Now, as the sides of the polygon diminish infinitely, the sum of the impulses over a given time T is SI = SFdt = F Sdt = FT , where Sdt = T and the force is now continuous. From [B], SI is proportional to L² / R , and since T is given, then it is correct to say that the force F is proportional to L² / R . Since the length L becomes equal to the arc of the circle as the polygon approximates the circle, then the continuous force F is proportional to "the square of the arc in a given time divided by the radius."

[D] This is the [centrifugal] force by which the body urges the circle, and equal to this is the opposite force by which the circle continuously repels the body toward the center .

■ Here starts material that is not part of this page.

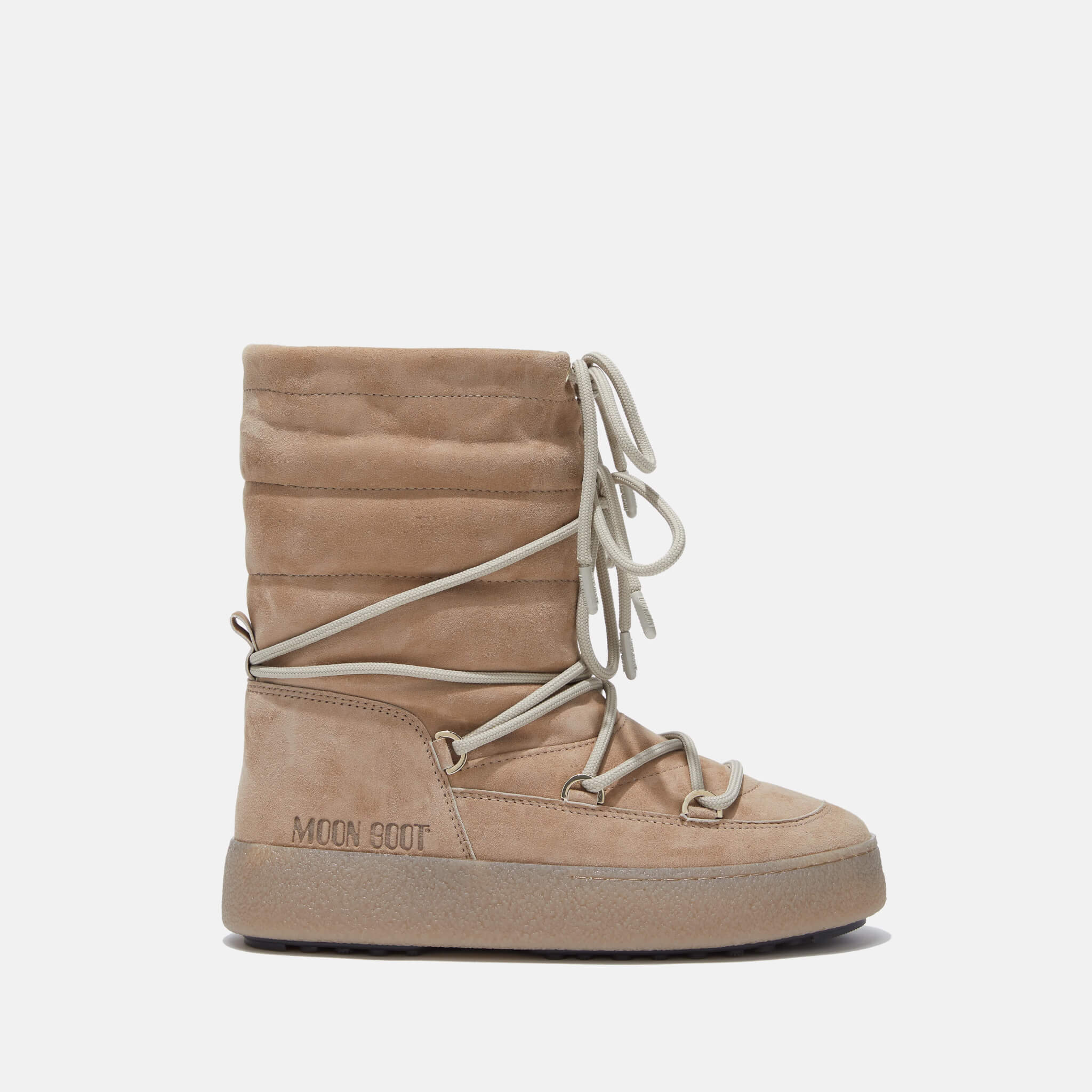 Cizme de iarnă bej Moon Boot Ltrack Suede de damă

The early statement of the problem was framed in terms of the force exerted by the body on the circle during the collisions. Newton now makes explicit the relationship that was left implicit: the forces are equal and opposite. In the first corollary to this proposition Newton notes that the arc is proportional to the velocity and hence the force is proportional to the squares of the velocities divided by the radius of the circle. Thus, the polygonal technique can be extended to obtain the nature of the force. (It is of interest to note that in the first edition of the Principia the word "centrifugal" is not explicitly used in the statement, but it is inserted into all the later editions.) Another technique, however, proved to be even more useful in solving direct problems: the parabolic approximation. Its roots also lie in Newton's early work and are carried forward into his mature dynamics.

Uniform Circular Motion:
The Parabolic Approximation

The text to be discussed below was written by Newton sometime before 1669, and it explicitly demonstrates that the force necessary to provide uniform circular motion is proportional to the square of the speed and inversely proportional to the radius (i.e., F = (m )v² / r ). It is an important text because it demonstrates that Newton used the parabolic approximation technique before 1669. It also gives evidence of the early influence of Descartes's writing upon Newton. More important, however, is the evidence of Newton's dynamic technique of analysis that is independent of—but obscured in part by—the Cartesian terminology used to express it. Newton will continue to employ the parabolic approximation throughout his mature dynamics.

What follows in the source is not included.